Task to complete → Exclude the pictures and retype the entries as written.
Data supplied: Begin
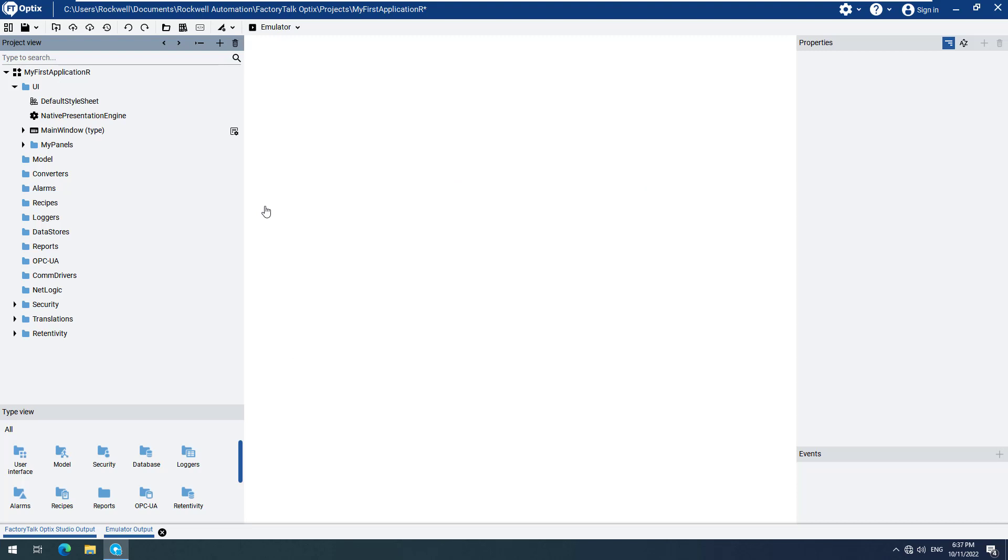For this video, we will use a simple project which is similar to the ones used in previous Getting Started videos. Nevertheless, you will be able to easily follow the steps.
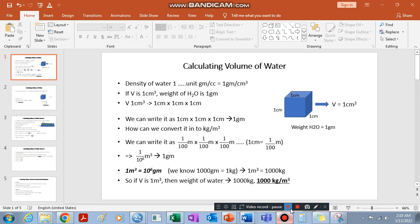Hi guys, welcome to our channel. Today we are going to see how to calculate the volume of water. Most of the time we are given the amount of water in terms of depth — centimeter, millimeter, meter — when we are given evapotranspiration, loss of water by the crop, rainfall amount, or irrigation requirement. We are most of the time given a depth of water, so we need to convert it into a volume of water.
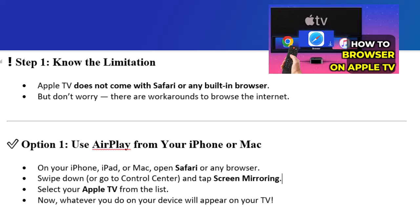Option 1: use AirPlay from your iPhone or Mac. On your iPhone, iPad, or Mac, open Safari or any browser. Swipe down or go to Control Center and tap Screen Mirroring. Select your Apple TV from the list. And now, whatever you do on your device will appear on your TV.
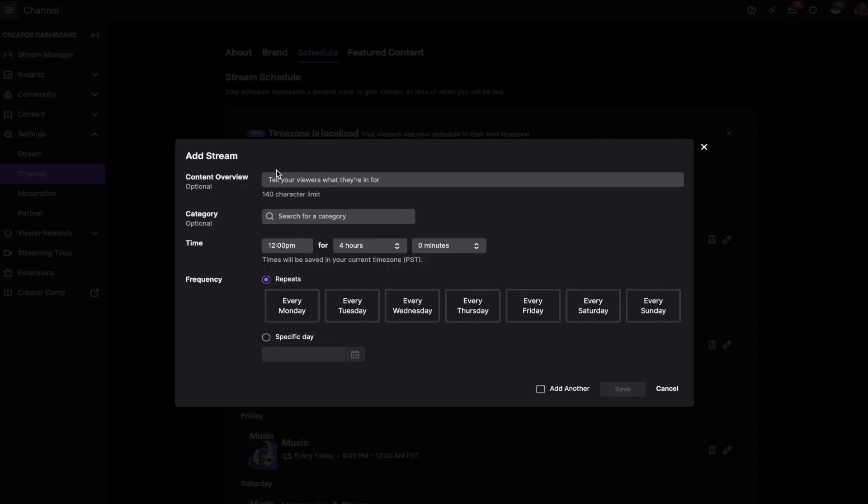Then you can set a content overview so people know what they're going to watch, a category which ours is usually music, the exact time you plan on streaming,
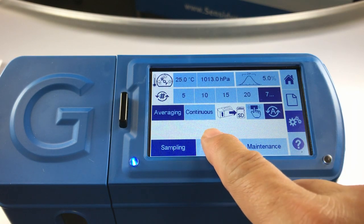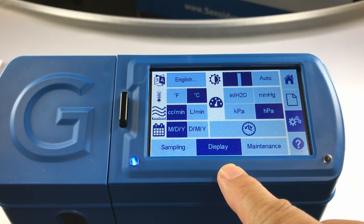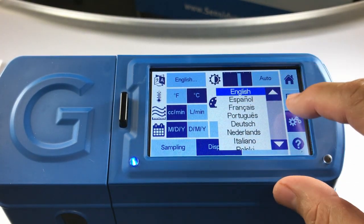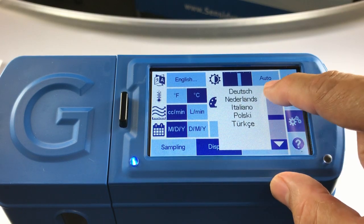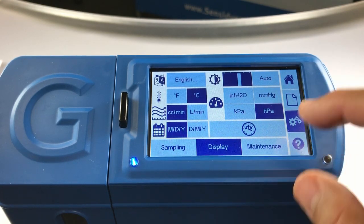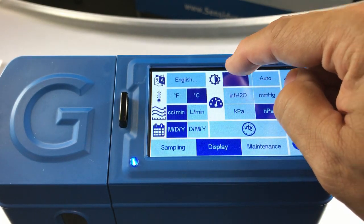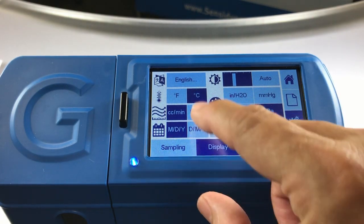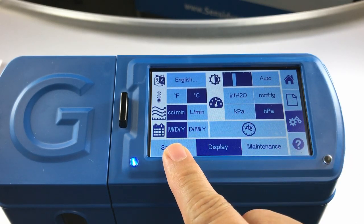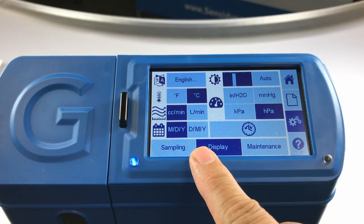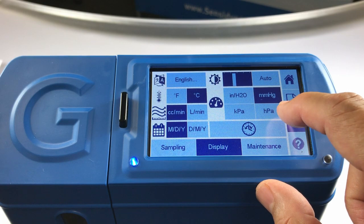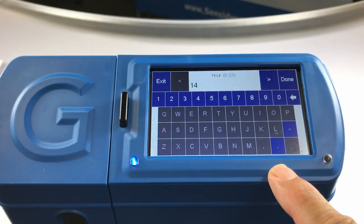Next, we'll look at the display screen. From the display screen, you may select your language by scrolling through a list. You must select your language to advance. You may also choose a brightness scale, or choose a unit of measurement between Fahrenheit or Celsius, cc's per minute or liters per minute. You can choose your date format — month/day/year or day/month/year. You may also choose your units of pressure from four options, and set the time and date for your local destination.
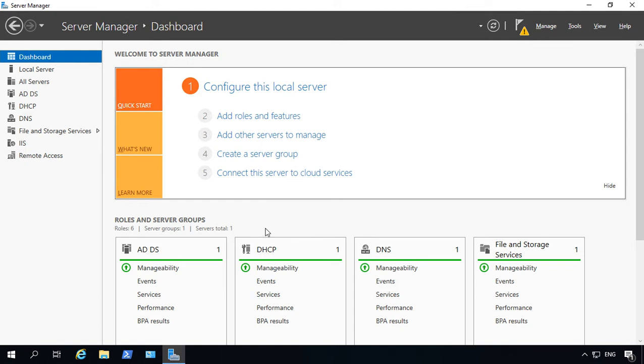In Server 2019, you still have the option to format a drive with FAT32. However, it's not available in the normal location you would expect it to be.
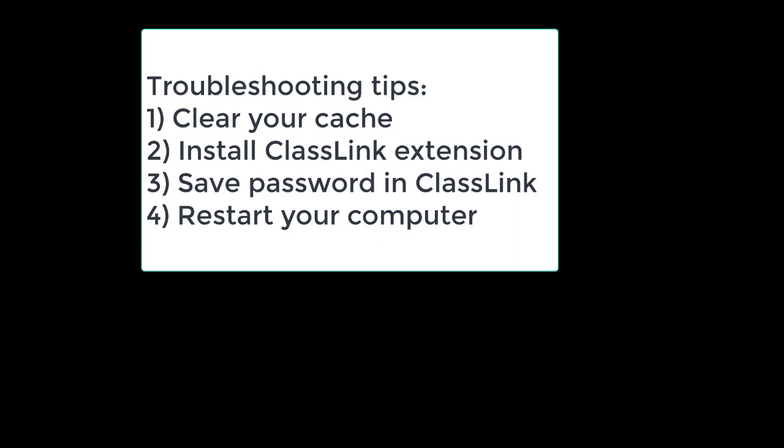As a recap, if you are having difficulty with ClassLink, there are a few troubleshooting tips. Clear your cache, install the ClassLink extension, save your password in ClassLink, and last, restart your computer.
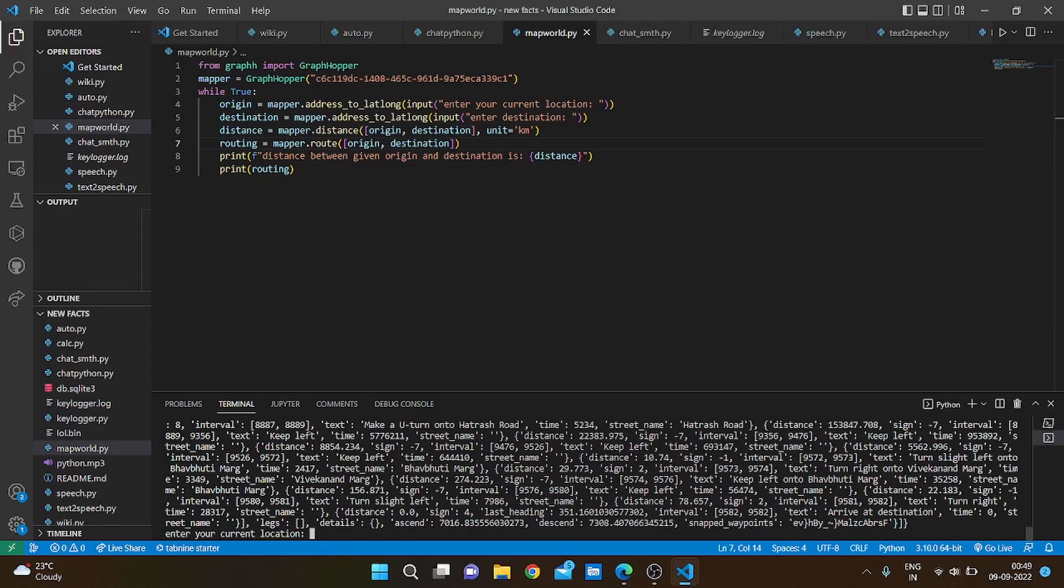I shall also be making this into a new video and uploading it as a new series, creating a Google Maps clone.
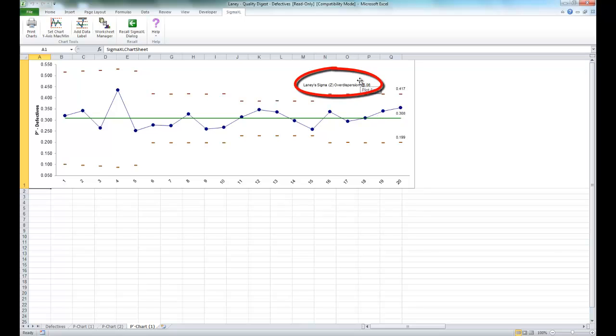Laney-Sigma is a measure of the over dispersion. And if you'd like more information on Laney-Sigma, you can see the articles that are referenced in our workbook. It's under the P' section.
Data supplied: End
Solution for this problem →
For this video, we will use a simple project which is similar to the ones used in previous Getting Started videos. Nevertheless, you will be able to easily follow the steps.
Hi guys, welcome to our channel. Today we are going to see how to calculate the volume of water. Most of the time we are given the amount of water in terms of depth — centimeter, millimeter, meter — when we are given evapotranspiration, loss of water by the crop, rainfall amount, or irrigation requirement. We are most of the time given a depth of water, so we need to convert it into a volume of water.
Option 1: use AirPlay from your iPhone or Mac. On your iPhone, iPad, or Mac, open Safari or any browser. Swipe down or go to Control Center and tap Screen Mirroring. Select your Apple TV from the list. And now, whatever you do on your device will appear on your TV.
Then you can set a content overview so people know what they're going to watch, a category which ours is usually music, the exact time you plan on streaming,
Next, we'll look at the display screen. From the display screen, you may select your language by scrolling through a list. You must select your language to advance. You may also choose a brightness scale, or choose a unit of measurement between Fahrenheit or Celsius, cc's per minute or liters per minute. You can choose your date format — month/day/year or day/month/year. You may also choose your units of pressure from four options, and set the time and date for your local destination.
In Server 2019, you still have the option to format a drive with FAT32. However, it's not available in the normal location you would expect it to be.
As a recap, if you are having difficulty with ClassLink, there are a few troubleshooting tips. Clear your cache, install the ClassLink extension, save your password in ClassLink, and last, restart your computer.
I shall also be making this into a new video and uploading it as a new series, creating a Google Maps clone.
Laney-Sigma is a measure of the over dispersion. And if you'd like more information on Laney-Sigma, you can see the articles that are referenced in our workbook. It's under the P' section.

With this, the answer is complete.